An Analytical Approach for Understanding Promotion Effects on Demand and Improving Profits
The objective of this study is to design and develop a better revenue management system that focuses on leveraging an understanding of price elasticity and promotional effects to predict demand for grocery items. This study is important because the use of sales promotions in grocery retailing has intensified over the last decade where competition between retailers has increased. Category managers constantly face the challenge of maximizing sales and profits for each category. Price elasticities of demand play a major role in the selection of products for promotions, and are a major lever retailers will use to push not only the products on sale, but other products as well. We model price sensitivity and develop highly accurate predictive demand models based on the product, discount, and other promotional attributes, using machine learning approaches, and compare performance of those models against time-series forecasts.

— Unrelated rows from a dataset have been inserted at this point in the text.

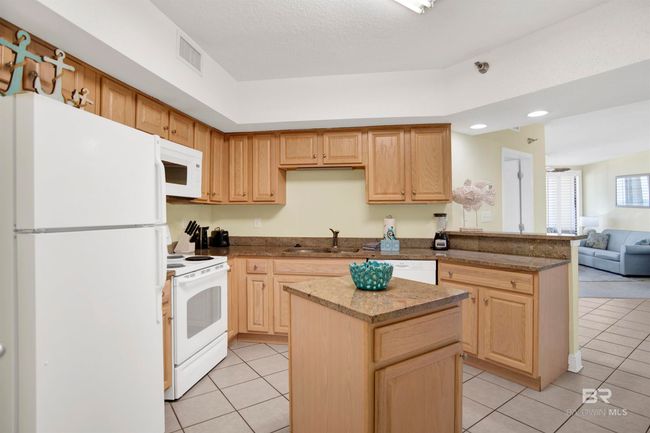 APT-104 - 24900 Perdido Beach Blvd, Condo with 3 bedrooms, 2 bathrooms and 2 parking in Orange Beach AL | Image 11
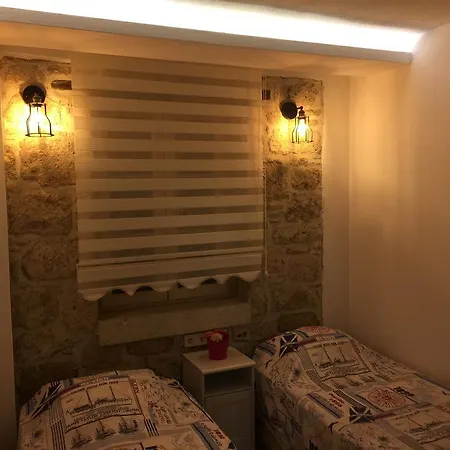 Umit Ev Otel 2*
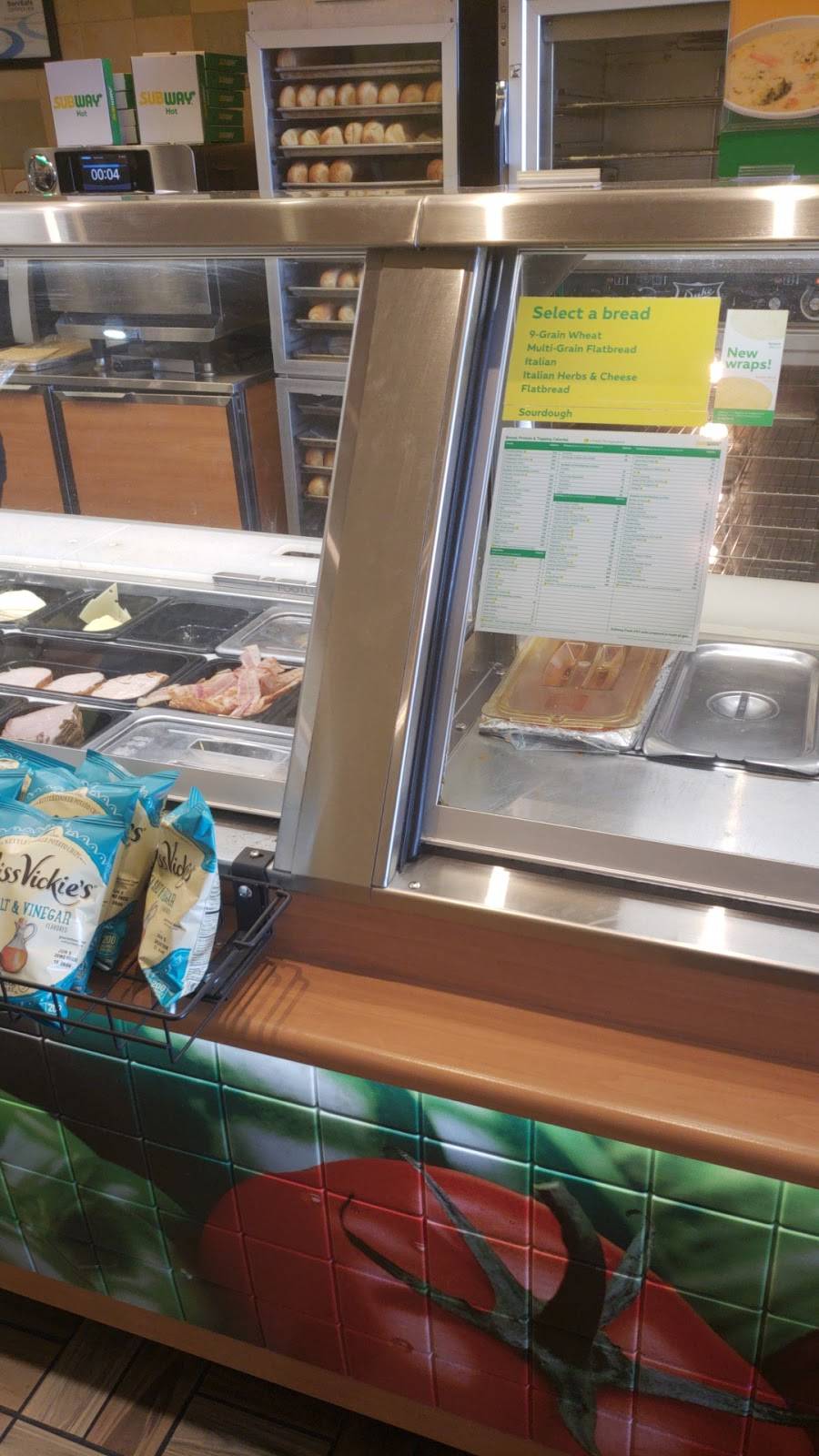 Subway | meal takeaway | 1141, 2884 Geer Rd, Turlock, CA 95382, USA | 2096327667 OR +1 209-632-7667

A Machine Learning Approach to Delivery Time Estimation for Industrial Equipment
Our research focuses on obtaining better predictions for lead-time of made-to-order equipment for a large multinational corporation. In collaboration with this corporate partner, our team was tasked to create a deployable solution that could provide reliable delivery predictions. The motivation for this work is that when customers place orders for pieces of equipment, and they are provided an expectation that their product will be delivered in a timely manner. Without a delivery estimation system currently in place, the company cannot provide customers an expected time window, which is an inconvenience for the customers that have their own operational planning to use this equipment. To predict this lead-time, our team was provided access to tens of thousands of entries of equipment order data. We experimented with many models considering the unique aspects of the features and were able to obtain predictions of delivery time for each product line. Our predictive approach provides a solution to this business dilemma, by providing a highly accurate, cross-validated predictions of delivery time as well as a corresponding prediction interval. We believe our approach could be easily extended to other similar type supply-chain problems.
Analytical Evidence to Justify Legislative Changes in State Government Polices
This study provides a predictive and prescriptive analytics solution to justify the proposal of legislative changes to current state government policies for credentials. The predictive component provides a model that predicts expected future demand for various customer credential types. The prescriptive component provides a workforce capacity planning decision model that identifies how to modify credential expiration dates. If this decision can be made via legislative change, it will inherently lead to a more balanced demand profile year-on-year, as well as facilitate a state government agency’s staffing decision. In collaboration with this governing body, our analyses will help provide the empirical evidence they require to propose state-wide changes to credential dates.